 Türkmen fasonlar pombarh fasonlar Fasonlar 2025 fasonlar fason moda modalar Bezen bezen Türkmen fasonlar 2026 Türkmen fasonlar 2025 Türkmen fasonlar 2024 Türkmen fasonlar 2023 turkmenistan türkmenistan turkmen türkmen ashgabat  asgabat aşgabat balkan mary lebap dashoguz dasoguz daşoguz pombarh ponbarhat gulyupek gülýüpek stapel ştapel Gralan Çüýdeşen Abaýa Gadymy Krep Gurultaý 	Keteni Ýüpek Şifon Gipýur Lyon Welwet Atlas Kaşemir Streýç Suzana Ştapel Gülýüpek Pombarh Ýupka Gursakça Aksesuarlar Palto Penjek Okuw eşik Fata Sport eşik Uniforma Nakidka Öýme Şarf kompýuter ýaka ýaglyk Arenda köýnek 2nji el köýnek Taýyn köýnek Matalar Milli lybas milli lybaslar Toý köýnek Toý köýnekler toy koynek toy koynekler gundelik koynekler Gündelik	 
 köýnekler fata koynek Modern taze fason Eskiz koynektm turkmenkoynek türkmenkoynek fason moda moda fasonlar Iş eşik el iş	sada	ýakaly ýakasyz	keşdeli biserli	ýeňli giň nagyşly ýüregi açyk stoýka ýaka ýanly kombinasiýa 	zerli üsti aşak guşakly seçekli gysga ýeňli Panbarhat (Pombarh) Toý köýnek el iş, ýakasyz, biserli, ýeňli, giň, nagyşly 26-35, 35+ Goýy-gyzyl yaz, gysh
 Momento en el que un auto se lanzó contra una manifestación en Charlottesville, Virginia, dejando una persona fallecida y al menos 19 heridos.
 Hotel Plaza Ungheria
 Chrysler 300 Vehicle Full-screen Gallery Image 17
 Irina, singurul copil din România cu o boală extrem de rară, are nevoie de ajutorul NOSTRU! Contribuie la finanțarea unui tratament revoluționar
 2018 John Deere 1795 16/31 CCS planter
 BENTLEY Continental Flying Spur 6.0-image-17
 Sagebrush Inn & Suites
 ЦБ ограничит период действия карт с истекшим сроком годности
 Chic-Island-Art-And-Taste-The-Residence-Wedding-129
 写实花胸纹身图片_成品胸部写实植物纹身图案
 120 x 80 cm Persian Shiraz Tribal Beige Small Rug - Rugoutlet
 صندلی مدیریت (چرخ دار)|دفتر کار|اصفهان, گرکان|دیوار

_ _ _ _

All that is wanted is the lines from the one containing "120 x 80 cm" through the last line of the records, restated word for word.

#### Written response
 120 x 80 cm Persian Shiraz Tribal Beige Small Rug - Rugoutlet
 صندلی مدیریت (چرخ دار)|دفتر کار|اصفهان, گرکان|دیوار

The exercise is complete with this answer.